Ansonsten wäre das System natürlich super.
Thierry Blanc, am 07. November 2016 um 20:34 Uhr
Es ist möglich, dass sich ein Teil des Mikrosekundenhandels ins Ausland verlagert. Doch in London und Paris unterliegen Börsengeschäfte schon heute einer Transaktionssteuer von 0,5 Prozent bzw. 0,2 Prozent (bald 0,3). Dieser Unterschied zwischen London und Paris hat nicht dazu geführt, dass sich viele Börsengeschäfte von London nach Paris verlagerten. Im Vergleich dazu beträgt die vorgeschlagene Mikrosteuer anfänglich lediglich 0,02 Prozent, nach zehn Jahren 0,2 Prozent. Sogar beim völlig unwahrscheinlichen Fall, dass der ganze Zahlungsverkehr in der Schweiz um 80 Prozent zurückgehen würde, genügt eine anfängliche Mikrosteuer von 0,1 Prozent (statt 0,02). Bei einer jährlichen Erhöhung um 0,1 Prozentpunkte käme man nach zehn Jahren auf 1 Prozent, um die gleichen Einnahmen zu erhalten wie mit 0,2 Prozent ohne «Abwanderung».
Kaum ein Arbeitgeber wird Ihnen wegen einer Steuer von 0,02 oder 0,2 Prozent den Lohn in bar ausbezahlen. Sie könnten das Geld auch auf keinem Konto in Schweizer Franken mehr anlegen. Sobald Sie Aktien oder Obligationen mit Schweizer Franken kaufen, auch im Ausland, wird die Transaktion mit der Mikrosteuer belegt. Wechseln Sie die Schweizer Franken in Euros oder Dollars, dann fällt die Steuer bei diesem Devisengeschäft an.
Vergessen Sie nicht, dass der Wirtschaftsstandort Schweiz für die reale Wirtschaft attraktiver würde: Keine Mehrwertsteuer mit der entsprechenden Bürokratie mehr, mit der Zeit auch keine Sozialabzüge und andere Gebühren mehr.
Urs P. Gasche, am 10. November 2016 um 16:23 Uhr
@ Gasche: rechnen wir genauer nach: Einkommen CHF 100‘000 wird mit CHF 200.- belastet statt mit CHF 20‘000.- Keine weiteren direkten und indirekten Steuern (Tabak, Treibstoff, Mehrwert, AHV etc.) und früher ode später keine Sozialabgaben mehr. Von den Vermögen reden wir gar nicht mehr. Diese würden exponentionell zunehmen und noch grössere Schäden anrichten als heute schon.
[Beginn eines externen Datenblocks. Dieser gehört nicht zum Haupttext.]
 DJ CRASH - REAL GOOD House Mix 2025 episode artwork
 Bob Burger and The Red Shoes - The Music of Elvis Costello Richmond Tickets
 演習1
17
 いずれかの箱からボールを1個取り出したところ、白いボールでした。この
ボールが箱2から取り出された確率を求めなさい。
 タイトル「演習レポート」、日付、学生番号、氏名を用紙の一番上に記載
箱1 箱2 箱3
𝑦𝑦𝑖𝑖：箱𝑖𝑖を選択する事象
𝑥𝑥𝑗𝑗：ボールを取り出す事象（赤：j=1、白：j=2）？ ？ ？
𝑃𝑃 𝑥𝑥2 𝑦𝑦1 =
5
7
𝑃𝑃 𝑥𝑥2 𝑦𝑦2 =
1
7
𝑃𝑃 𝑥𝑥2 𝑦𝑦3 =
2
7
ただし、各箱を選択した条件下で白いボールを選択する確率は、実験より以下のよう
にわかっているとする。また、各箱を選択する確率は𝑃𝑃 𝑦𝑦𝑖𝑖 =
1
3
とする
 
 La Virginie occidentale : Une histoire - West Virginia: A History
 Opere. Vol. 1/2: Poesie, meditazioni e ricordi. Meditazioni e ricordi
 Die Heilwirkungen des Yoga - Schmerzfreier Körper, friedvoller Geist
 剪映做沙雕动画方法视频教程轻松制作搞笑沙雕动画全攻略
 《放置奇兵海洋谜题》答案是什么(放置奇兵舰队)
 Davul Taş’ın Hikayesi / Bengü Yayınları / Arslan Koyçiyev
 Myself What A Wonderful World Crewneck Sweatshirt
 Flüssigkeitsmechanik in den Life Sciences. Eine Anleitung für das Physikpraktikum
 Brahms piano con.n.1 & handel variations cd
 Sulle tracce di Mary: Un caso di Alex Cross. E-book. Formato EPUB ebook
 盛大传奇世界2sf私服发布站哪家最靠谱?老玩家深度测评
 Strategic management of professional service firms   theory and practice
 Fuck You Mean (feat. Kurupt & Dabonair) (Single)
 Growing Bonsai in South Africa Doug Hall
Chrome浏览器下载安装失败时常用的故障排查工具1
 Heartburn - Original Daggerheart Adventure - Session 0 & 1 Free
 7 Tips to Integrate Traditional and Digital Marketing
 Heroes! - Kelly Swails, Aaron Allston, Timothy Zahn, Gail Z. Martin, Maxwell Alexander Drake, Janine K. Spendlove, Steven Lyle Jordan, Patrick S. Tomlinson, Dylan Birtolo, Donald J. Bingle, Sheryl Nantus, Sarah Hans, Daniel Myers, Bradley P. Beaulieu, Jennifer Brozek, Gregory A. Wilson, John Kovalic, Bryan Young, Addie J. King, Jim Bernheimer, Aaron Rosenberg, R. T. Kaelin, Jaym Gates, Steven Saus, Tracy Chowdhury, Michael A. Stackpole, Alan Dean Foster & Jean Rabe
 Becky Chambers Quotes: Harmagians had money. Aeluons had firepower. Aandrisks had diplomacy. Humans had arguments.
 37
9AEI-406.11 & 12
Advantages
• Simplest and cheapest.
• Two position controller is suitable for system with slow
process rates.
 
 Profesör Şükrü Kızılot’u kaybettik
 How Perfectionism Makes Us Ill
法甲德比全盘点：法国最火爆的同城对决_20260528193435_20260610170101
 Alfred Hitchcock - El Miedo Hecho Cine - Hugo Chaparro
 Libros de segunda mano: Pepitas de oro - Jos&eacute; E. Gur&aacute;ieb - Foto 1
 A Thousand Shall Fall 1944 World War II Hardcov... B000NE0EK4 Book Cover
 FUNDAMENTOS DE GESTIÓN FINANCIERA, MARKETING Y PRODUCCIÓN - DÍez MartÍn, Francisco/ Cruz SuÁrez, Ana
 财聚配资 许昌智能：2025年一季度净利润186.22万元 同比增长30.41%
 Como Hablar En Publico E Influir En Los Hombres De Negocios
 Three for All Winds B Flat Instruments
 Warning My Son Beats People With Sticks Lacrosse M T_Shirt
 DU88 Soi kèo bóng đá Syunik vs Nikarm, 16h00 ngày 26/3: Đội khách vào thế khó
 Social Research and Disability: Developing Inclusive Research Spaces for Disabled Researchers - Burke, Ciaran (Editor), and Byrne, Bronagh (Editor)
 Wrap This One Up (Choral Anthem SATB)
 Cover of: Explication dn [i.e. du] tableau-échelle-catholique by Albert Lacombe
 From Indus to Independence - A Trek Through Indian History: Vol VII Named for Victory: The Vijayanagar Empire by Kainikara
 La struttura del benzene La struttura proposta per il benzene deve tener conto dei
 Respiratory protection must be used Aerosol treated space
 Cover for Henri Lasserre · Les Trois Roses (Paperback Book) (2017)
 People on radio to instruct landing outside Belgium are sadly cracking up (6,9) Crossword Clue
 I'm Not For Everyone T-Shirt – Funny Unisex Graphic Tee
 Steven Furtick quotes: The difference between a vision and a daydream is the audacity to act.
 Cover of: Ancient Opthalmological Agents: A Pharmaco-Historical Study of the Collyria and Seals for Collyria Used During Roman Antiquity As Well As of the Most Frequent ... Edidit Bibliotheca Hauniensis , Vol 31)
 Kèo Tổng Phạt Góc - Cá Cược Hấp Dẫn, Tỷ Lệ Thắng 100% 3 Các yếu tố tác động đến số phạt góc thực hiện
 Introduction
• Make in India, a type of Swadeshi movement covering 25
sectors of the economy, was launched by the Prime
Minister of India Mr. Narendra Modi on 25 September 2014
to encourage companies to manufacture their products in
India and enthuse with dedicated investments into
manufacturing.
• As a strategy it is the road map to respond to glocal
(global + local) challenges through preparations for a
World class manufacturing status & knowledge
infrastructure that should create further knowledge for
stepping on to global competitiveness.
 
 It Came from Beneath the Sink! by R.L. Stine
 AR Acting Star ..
Allen, die schon heute zu wenig zum Leben haben, würde eine automatische Steuer aufgebrummt - sie hätten keine Chance auszuweichen.

Also, wem würde die Microsteuer am Meisten nützen?
Weitere Fragen stellen sich - wie würden Aktien usw. besteuert?

Wie könnte garantiert werden, dass all jene, die z.B. durch Roboter usw. ersetzt würden, trotzdem ein gutes Leben haben und sich wertgeschätzt fühlen könnten?

Wie bereits erwähnt, ist eine solche Steuer gefährlich - ehrlicher wäre es, sich Gedanken über echt progressive Steuern und über die Vermögensobergrenze zu machen. Wobei der fleissigen Frau und dem tapferen Mann klar sein muss, dass die erste oder zweite Million leichter zu erreichen sein sollte, als z.B. die Dreissigste. Das für Privatpersonen. Die Unternehmen müssten in der Gemeinwohl-Bilanz transparent aufzeigen, wie ihr Beitrag zum Gemeinwohl aussieht. Diese GW-Bilanz müsste wichtiger sein, als die Finanzbilanz.

Wir müssen von der chronischen Verknappung des Geldes wegkommen am unteren Ende der Skala der Einkommen und Vermögen!

Echte Chancen und Möglichkeiten für ALLE - das braucht MUT!